In the light of others wrongdoing whether they be small offenses, or such atrocious acts as this example, how does one ever forgive such things? Where on earth does a person find the grace to even go on living after being subjected to true evil? What evidence would you have that you did not deserve such treatment, and that were you to break free, that the very next person might not do the exact same thing?
The elegance of forgiveness is in the fact that it does not need to be reciprocal to exact its power. To forgive is to be given a great gift, but you can be forgiven without ever taking receipt of it, and without ever expressing one ounce of remorse or regret. Likewise, we can forgive one another without ever insisting the subject of our mercy acknowledge the greatness of our gesture. When we do not forgive, it’s seldom the subject of our vitriol who truly suffers – it’s the one who struggles to forgive who feels the pain.
No sinner cares for forgiveness, except the one who has learned the meaning of sin, and of his own capacity for committing it. Indeed, as Jewel sings, to believe in forgiveness, one must know there is such a thing as sin.
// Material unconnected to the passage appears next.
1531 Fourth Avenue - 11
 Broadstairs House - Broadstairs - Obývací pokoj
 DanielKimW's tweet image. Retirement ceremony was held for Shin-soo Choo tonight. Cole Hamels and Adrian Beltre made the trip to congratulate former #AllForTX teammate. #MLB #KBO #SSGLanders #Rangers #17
Whilst some say that God’s forgiveness only exists where we are able to receive it, I believe that like His love, forgiveness is a part of God’s nature. God’s forgiveness for our trespasses is a standing act. His intent is not just to reconcile us to Himself, although it is that, His intent is to teach us to forgive not simply in cases where contrition is present and forgiveness is deserved, but to forgive because we are His people, and we are people who are forgiving. In the same way His love is meant to teach us not to simply love where love is merited, but to love because we are His people, and His people are people who love.
Forgive us our trespasses – we receive your forgiveness because you are God and you are merciful.
As we forgive those who trespass against us – we bestow your forgiveness, because we are your people, and your people are known for their forgiveness.
If we believe in and acknowledge sin, ours and others, we will also believe in the power of God’s forgiveness to redeem us, and the power of our forgiveness to redeem others.